The name of Palm has been frequent in business news of late.  Our last Supply Chain Matters commentary regarding Palm was at the time of the long-awaited big-bet announcement of the Pre smartphone in June of 2009, complete with a new webOS operating system.  It was deemed the best potential competitive offering to the Apple iPhone.  We noted the importance of Palm’s supply chain capabilities to be able to ramp-up to support a goal to have one million units shipped by the second half of 2009. Palm had brought in an entirely new leadership team with both Apple and mobile device manufacturing experience and the hope was that this experience would translate to brighter fortunes.

A short ten months later presents a far different picture. In March, Palm indicated that it had shipped 960,000 phones for the fiscal third quarter that ended February 26th, an almost 300 percent increase from the year earlier.  Unfortunately, only 408,000 of these phones were actually sold, leaving the company with a sizeable inventory overhang.  Palm’s CEO noted in the Q3-2010 earning press release: “Our recent underperformance has been very disappointing, but the potential for Palm remains strong.” Now, several weeks later, the company is fielding acquisition offers.  On the GigaOM network featured by Bloomberg Businessweek, Kevin Tofel notes how Palm slipped in marketing and advertising strategies related to the Palm Pre. “instead of marketing Pre smartphones as high-value handsets, the (Palm’s) carriers are holding fire sales to rid themselves of excess inventory.”
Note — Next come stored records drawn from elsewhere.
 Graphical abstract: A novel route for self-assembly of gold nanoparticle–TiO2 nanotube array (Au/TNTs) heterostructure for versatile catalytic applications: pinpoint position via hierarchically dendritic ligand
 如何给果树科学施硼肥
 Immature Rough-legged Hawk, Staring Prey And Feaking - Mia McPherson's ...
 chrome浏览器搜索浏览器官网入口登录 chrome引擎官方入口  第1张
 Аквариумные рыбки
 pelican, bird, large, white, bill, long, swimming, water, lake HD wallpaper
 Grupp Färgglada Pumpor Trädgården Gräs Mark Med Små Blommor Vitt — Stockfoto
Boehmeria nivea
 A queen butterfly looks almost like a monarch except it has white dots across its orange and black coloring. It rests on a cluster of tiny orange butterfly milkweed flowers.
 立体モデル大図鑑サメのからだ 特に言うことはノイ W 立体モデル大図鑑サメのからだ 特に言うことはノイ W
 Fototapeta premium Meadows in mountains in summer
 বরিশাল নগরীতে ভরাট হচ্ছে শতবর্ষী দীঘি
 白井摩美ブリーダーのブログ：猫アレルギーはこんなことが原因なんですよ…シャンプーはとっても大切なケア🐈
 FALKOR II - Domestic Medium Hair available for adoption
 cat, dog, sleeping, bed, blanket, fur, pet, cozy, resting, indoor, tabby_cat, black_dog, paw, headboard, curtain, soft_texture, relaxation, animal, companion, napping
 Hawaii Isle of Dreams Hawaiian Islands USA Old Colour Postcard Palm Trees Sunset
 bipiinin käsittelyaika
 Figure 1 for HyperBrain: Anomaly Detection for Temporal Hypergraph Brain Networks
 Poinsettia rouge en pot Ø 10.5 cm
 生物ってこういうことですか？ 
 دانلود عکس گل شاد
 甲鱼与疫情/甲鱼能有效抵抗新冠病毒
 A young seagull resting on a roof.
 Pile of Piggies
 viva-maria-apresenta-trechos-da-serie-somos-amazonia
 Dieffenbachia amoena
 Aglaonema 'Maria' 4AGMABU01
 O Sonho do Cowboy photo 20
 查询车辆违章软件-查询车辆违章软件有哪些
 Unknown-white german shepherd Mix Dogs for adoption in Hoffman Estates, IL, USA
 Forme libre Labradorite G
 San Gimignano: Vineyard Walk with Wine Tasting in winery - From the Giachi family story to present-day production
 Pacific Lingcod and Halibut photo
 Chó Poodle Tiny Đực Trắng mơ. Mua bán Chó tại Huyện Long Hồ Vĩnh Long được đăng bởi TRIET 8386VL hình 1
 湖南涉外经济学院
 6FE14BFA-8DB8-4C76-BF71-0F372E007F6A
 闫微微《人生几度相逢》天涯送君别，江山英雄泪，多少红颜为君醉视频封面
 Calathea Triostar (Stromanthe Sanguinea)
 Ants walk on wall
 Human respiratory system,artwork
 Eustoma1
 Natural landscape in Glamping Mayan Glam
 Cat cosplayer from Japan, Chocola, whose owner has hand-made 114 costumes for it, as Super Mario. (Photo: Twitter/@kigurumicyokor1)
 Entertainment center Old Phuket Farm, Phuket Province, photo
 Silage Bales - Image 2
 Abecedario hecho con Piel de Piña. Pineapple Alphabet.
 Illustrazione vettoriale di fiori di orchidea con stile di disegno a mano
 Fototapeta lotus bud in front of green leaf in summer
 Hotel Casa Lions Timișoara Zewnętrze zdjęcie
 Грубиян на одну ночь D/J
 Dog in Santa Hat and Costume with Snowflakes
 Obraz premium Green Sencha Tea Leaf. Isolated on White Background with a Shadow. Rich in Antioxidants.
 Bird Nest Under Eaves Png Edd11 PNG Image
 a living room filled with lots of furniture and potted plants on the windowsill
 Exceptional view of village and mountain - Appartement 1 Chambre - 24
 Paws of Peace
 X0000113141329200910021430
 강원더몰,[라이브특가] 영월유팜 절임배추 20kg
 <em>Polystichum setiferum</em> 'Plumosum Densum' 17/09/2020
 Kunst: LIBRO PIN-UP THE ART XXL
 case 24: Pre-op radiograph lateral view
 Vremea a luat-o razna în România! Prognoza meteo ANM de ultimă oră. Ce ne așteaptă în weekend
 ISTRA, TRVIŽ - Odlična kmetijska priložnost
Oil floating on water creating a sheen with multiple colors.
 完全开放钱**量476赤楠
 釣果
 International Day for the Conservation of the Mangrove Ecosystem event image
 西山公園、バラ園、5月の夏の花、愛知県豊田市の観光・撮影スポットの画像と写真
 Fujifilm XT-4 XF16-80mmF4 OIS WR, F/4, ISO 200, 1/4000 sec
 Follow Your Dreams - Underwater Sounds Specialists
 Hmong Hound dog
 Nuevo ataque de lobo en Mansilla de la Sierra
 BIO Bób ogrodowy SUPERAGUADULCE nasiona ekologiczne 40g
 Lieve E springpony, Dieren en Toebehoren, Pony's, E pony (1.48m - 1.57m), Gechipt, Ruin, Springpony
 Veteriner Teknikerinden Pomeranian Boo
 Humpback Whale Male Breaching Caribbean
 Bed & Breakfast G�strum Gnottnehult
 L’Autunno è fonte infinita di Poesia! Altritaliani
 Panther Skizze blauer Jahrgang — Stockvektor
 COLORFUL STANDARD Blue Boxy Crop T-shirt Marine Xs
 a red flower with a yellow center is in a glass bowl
Optimism apparently has its limits when your products lack traction in the market.

On April 12th, news spread among the Silicon Valley crowd that Palm was quietly putting out feelers for a buyer.  Initial speculation as to potential buyers looked to the Pacific Rim, as well as RIM, the company.  Speculation ran high that Taiwan’s HTC, a high volume mobile phone producer, and best known lately for its Android phones, might be the best buyer for Palm. HTC’s production and supply chain scale, coupled with the Palm brand, could add a stronger competitive dimension.  Another speculated buyer was China’s Lenovo, which of late has been moving toward broader diversification in its product offerings beyond laptops and PC’s. As I pen this posting, a Reuters news story indicates that HTC has dropped out of the bidding and Lenovo is now emerging as the leading candidate to buy Palm.  Other potential acquirers are noted to be Chinese telecom companies Huawei Technologies or ZTE, but they may face intensified governmental scrutiny.

Palm faced many insurmountable obstacles in its quest to be the potential iPhone alternative.  We can all speculate as to which of these obstacles turned out to be the Achilles heel.  It could be the initial choice of carrier distribution and channel partners, difficulties in initially scaling-up production capabilities, or the fact that Apple’s momentum in the market is insurmountable at this point. 

In my view, two conclusions are obvious regarding the current state of Palm. First, in spite of its current independent focused bravado, Palm can no longer remain an independent company.  There is also a strong likelihood that a current U.S. multinational brand will be assumed by some Asian acquirer, and timing could not be more ideal. Second, as we often point out, end-to-end supply chain capability must always be aligned to the needs of the overall business.  In the case of Palm, supply chain ramp-up was not aligned to sales and marketing execution.

What is your view?  Where did Palm’s supply chain strategy falter?  Which company will benefit most from acquiring Palm and which is the most likely to actually pull-off an acquisition of Palm?